Goal of the exercise:
Please set down each record exactly as it appears, but leave out any pictures.

Stored data:
══════
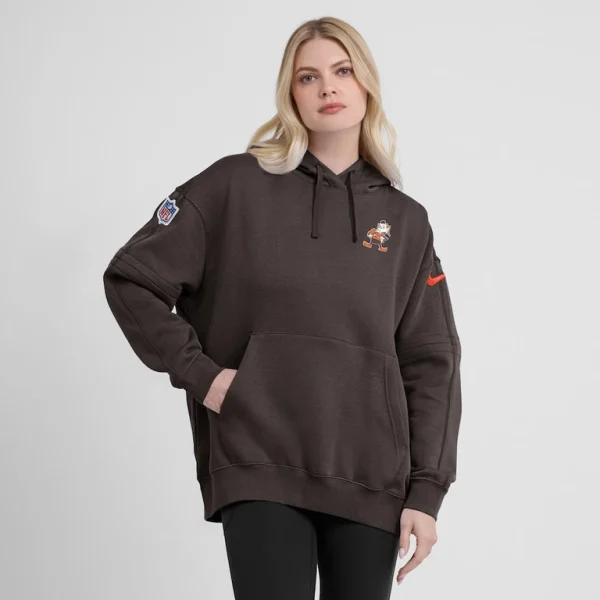 Cleveland browns nike womens 2023 sideline club fleece pullover hoodie Brown L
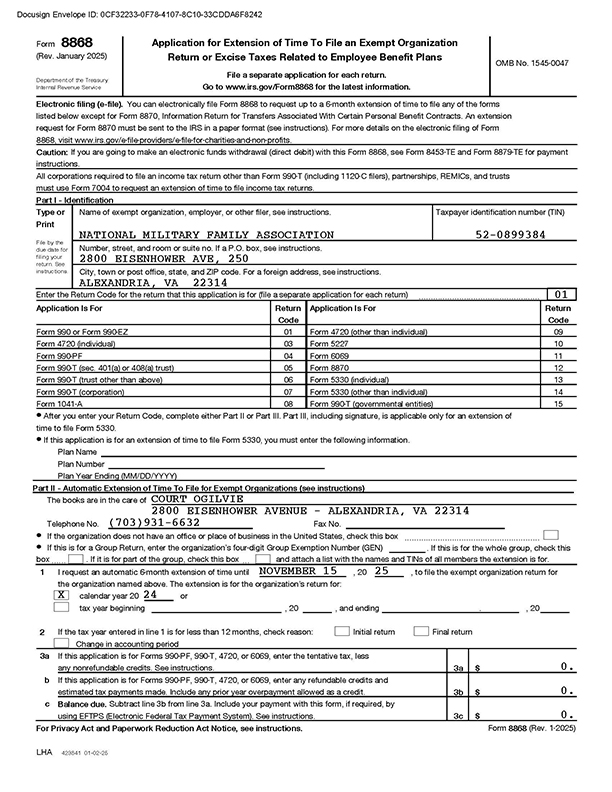 Form 990 cover page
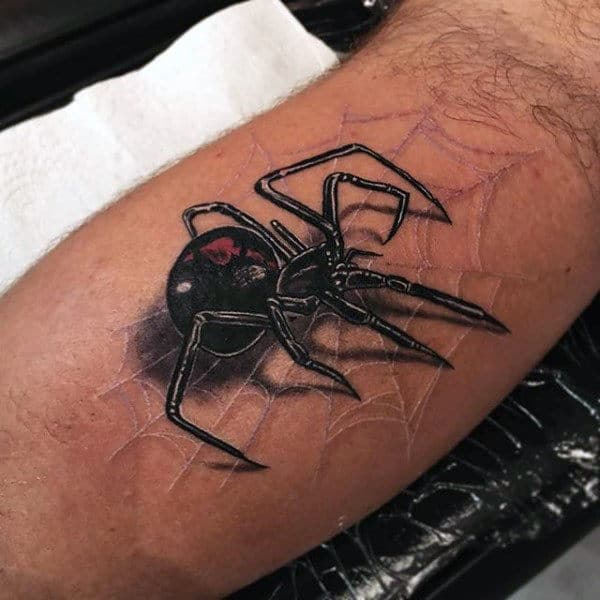 3D Black Widow Spider Tattoo On Forarms For Men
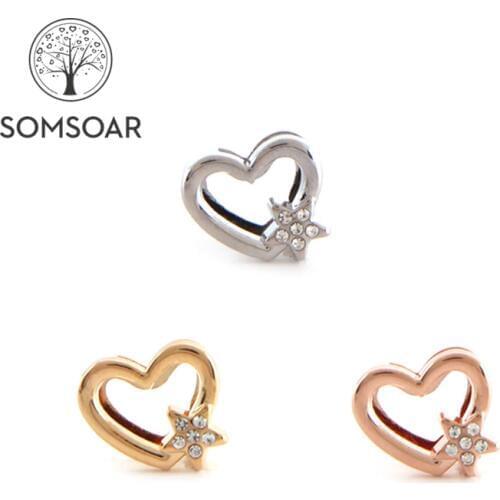 Somsoar Jewelry Heart with Crystal Star Slide Charms fit on10mm Mesh Bracelet and Leather Wrap Bracelet as Xmas Gift 10pcs/lot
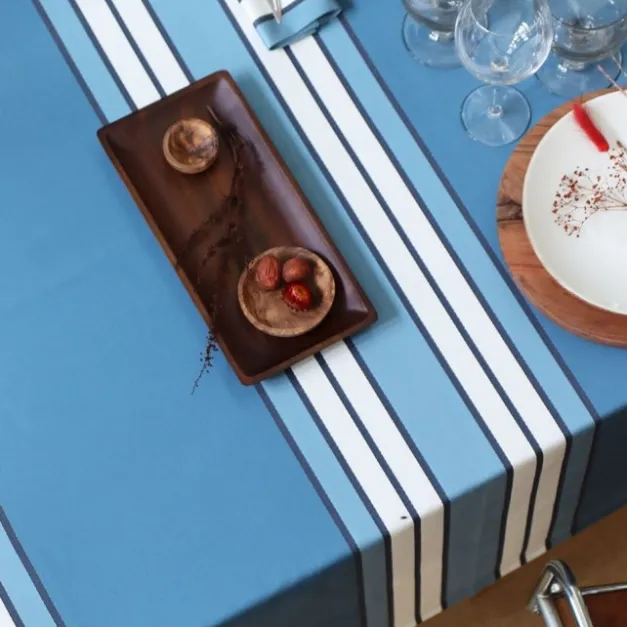 Maison Jean-Vier Nappe bleu nuit en coton à rayures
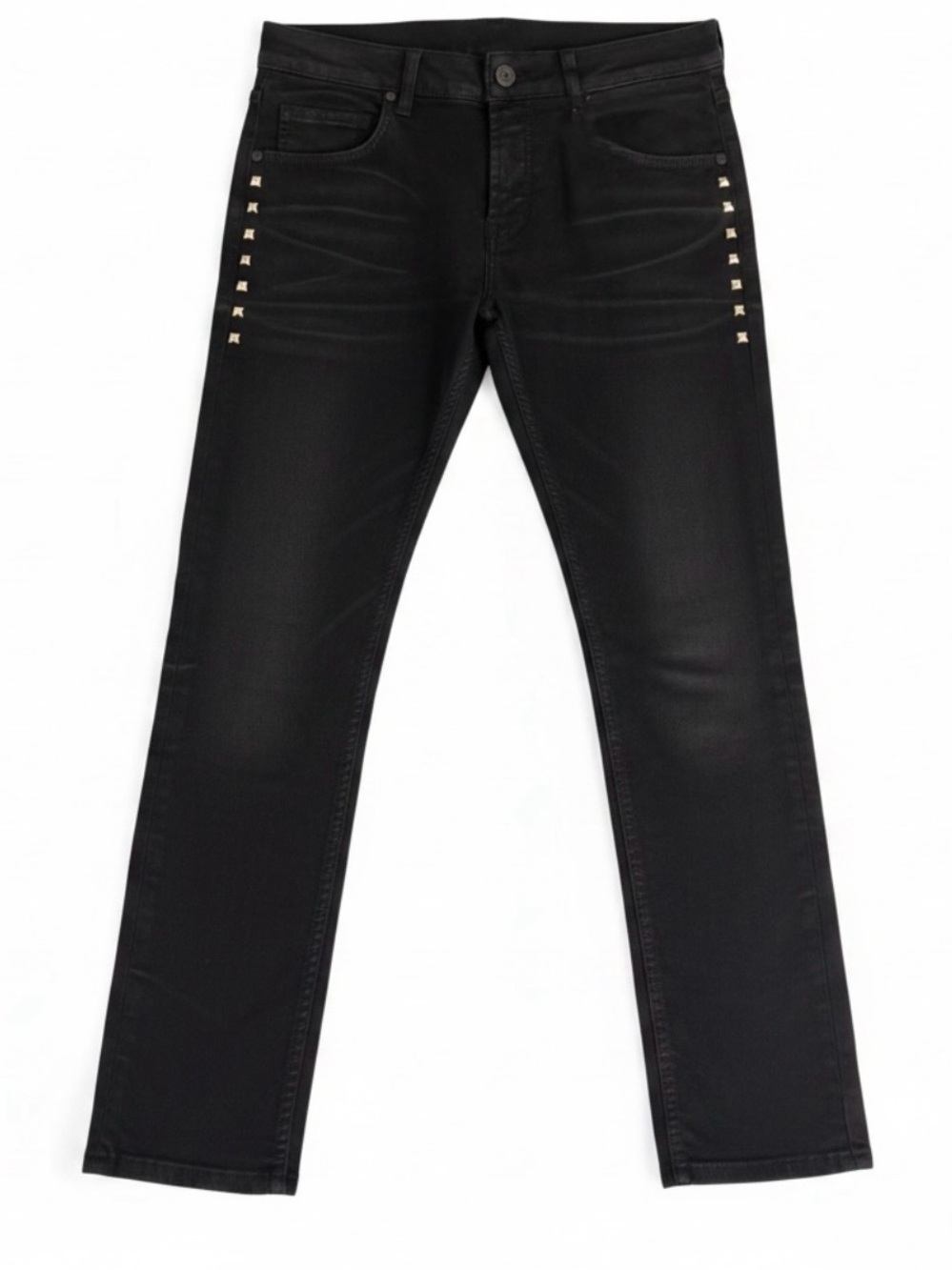 Gaelle Paris Men's Slim Straight Jeans in Black Made in italy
══════
Response to the task:
 Cleveland browns nike womens 2023 sideline club fleece pullover hoodie Brown L
 Form 990 cover page
 3D Black Widow Spider Tattoo On Forarms For Men
 Somsoar Jewelry Heart with Crystal Star Slide Charms fit on10mm Mesh Bracelet and Leather Wrap Bracelet as Xmas Gift 10pcs/lot
 Maison Jean-Vier Nappe bleu nuit en coton à rayures
 Gaelle Paris Men's Slim Straight Jeans in Black Made in italy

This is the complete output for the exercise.